Ortadoğu‘da sular yeniden ısındı. İsrail ile İran arasında yaşanan son gerilim, önceki çatışmalardan farklı bir boyuta taşındı. Özellikle nükleer tesislerin hedef alınması ve bu saldırıların görüşmelerin sürdüğü bir dönemde gerçekleşmesi, küresel risk algısını artırmış durumda.
Arz yönlü şoklar üretimi kısabilecek, üretimi aksatabilecek. Enerji veya petrol sevkıyatındaki sorunlarla maliyetleri arttırabilecek, enflasyonu yukarı çekebilecek. Bu gerçekten hem yavaşlama hem enflasyon yani stagflasyon riskini arttıran bir durum. Bu işin büyümesi ve devam etmesi durumunda bir süredir ticaret savaşlarının gölgesinde yorulan dünya daha da riskli bir döneme girmiş oluyor.
Peki, Türkiye ekonomisine etkisi nasıl olabilir? Petrol fiyatında her 10 dolarlık artış, Türkiye’nin cari açığına yaklaşık 4 milyar dolarlık bir yük anlamına geliyor. Ayrıca bu artış, enflasyona da 2 puan civarında yukarı yönlü baskı yapabilir. Eğer fiyatlar 70 dolar seviyelerinde kalırsa bu riskler yönetilebilir. Ancak 130 dolar seviyeleri yeniden görülürse, ek tedbirler almak gerekebilir.
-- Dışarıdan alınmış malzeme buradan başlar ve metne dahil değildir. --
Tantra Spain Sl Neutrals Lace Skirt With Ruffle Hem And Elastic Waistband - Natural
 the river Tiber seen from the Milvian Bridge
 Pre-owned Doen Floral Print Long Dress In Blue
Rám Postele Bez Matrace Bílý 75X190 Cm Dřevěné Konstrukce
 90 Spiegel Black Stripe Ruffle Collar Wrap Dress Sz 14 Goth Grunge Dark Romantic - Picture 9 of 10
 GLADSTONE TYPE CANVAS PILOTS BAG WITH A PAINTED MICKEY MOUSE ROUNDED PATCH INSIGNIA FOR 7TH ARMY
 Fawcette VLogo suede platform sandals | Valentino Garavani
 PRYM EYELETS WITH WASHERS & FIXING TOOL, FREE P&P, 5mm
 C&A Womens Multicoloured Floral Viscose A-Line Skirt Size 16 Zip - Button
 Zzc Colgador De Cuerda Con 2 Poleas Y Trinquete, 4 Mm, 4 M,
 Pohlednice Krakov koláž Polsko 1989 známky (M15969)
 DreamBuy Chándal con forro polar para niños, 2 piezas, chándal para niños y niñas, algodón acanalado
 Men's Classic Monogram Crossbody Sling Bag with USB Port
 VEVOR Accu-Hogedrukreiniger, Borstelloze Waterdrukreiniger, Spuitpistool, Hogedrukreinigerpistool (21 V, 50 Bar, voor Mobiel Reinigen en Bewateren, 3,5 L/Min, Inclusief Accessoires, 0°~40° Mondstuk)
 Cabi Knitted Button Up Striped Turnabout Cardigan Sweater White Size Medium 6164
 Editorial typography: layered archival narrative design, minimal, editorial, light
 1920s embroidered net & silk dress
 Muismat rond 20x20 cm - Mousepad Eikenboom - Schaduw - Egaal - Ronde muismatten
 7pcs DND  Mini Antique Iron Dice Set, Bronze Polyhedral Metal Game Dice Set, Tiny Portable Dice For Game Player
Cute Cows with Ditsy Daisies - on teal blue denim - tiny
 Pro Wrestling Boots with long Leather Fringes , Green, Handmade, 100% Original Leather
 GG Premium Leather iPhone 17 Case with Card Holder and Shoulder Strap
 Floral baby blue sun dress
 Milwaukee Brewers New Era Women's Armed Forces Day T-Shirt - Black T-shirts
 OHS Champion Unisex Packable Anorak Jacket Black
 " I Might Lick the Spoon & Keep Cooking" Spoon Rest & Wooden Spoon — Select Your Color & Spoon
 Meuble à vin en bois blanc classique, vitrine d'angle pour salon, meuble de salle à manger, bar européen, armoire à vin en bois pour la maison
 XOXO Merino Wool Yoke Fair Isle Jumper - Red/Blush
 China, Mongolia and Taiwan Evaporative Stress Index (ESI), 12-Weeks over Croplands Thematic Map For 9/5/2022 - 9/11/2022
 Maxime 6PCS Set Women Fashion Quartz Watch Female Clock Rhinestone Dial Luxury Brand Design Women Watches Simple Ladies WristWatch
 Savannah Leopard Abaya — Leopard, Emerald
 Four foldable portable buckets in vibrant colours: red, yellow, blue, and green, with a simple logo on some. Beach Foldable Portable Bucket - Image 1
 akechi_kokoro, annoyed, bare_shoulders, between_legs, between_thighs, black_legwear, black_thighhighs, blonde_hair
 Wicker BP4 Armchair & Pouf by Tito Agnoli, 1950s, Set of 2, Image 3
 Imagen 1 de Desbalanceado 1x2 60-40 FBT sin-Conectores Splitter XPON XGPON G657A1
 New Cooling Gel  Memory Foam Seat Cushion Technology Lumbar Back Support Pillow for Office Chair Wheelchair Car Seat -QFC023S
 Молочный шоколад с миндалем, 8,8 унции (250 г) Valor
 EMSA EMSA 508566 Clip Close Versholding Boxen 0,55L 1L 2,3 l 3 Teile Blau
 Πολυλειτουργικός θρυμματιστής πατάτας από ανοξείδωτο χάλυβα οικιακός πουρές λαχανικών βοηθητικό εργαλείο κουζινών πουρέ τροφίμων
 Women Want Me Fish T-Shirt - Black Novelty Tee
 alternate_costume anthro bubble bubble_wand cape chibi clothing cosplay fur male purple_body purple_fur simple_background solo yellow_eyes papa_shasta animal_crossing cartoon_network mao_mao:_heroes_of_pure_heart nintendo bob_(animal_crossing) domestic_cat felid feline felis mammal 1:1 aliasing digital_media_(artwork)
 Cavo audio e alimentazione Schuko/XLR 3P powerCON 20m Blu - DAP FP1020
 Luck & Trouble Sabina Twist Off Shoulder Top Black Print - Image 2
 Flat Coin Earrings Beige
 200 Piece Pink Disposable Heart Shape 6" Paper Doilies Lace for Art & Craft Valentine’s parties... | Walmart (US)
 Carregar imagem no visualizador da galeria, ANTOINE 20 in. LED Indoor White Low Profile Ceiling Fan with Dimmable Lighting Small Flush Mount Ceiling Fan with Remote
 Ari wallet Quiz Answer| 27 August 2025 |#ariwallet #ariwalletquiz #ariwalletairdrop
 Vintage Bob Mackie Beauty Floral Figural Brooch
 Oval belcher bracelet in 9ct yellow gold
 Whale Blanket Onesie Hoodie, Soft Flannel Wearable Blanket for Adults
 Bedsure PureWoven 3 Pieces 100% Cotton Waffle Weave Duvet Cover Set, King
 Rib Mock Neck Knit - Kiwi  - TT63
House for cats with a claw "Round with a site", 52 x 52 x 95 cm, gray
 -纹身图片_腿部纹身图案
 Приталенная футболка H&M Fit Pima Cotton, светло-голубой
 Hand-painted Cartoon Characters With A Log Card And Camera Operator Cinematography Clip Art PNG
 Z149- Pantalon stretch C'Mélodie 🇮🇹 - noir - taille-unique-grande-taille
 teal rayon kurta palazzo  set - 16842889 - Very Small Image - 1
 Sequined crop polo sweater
Önümüzdeki günlerde gözümüz hem piyasada hem de Ortadoğu’daki gelişmelerde olacak. Ekonomi artık sadece iç dinamiklerle değil, jeopolitik dalgalarla da şekilleniyor.
***
FAİZ KARARI ÖNCESİ HESAPLAR DEĞİŞTİ Mİ?
19 Haziran’da Merkez Bankası faiz kararını açıklayacak. Geçtiğimiz haftaya kadar beklenti, bir sürpriz olmazsa Merkez Bankası‘nın yaz aylarındaki olumlu enflasyon görünümünü fırsat bilip Temmuz’da bir adım atabileceği yönündeydi. Hatta bazı sinyaller, “temkinli bir faiz indirimi hazırlığı olabilir mi?” sorusunu da gündeme getirmişti.
Mayıs ayında gıda fiyatlarındaki yavaşlamayla gelen düşük enflasyon verisi, haziran ve temmuz için de umut verici. Ve doğrusu reel sektörün, iş dünyasının faiz indirimi gibi bir nefese acilen ihtiyacı var.
Fakat İsrail–İran gerginliği ve artan jeopolitik riskler bu iyimser tabloya gölge düşürür mü?
Küresel belirsizlikler her zaman masada olacaktır. Ancak bugünkü görünüm hem enflasyonla mücadeleyi sürdürebilecek hem de ekonomide dengeli bir genişleme sağlayabilecek bir ölçülü faiz indiriminin zemini olabilir.
Bu gelişmeler ışığında Merkez Bankası haziran toplantısında faiz indirimi yapar mı? Karar MB’nin bundan sonra ne kadar risk gördüğüyle ilgili olacak.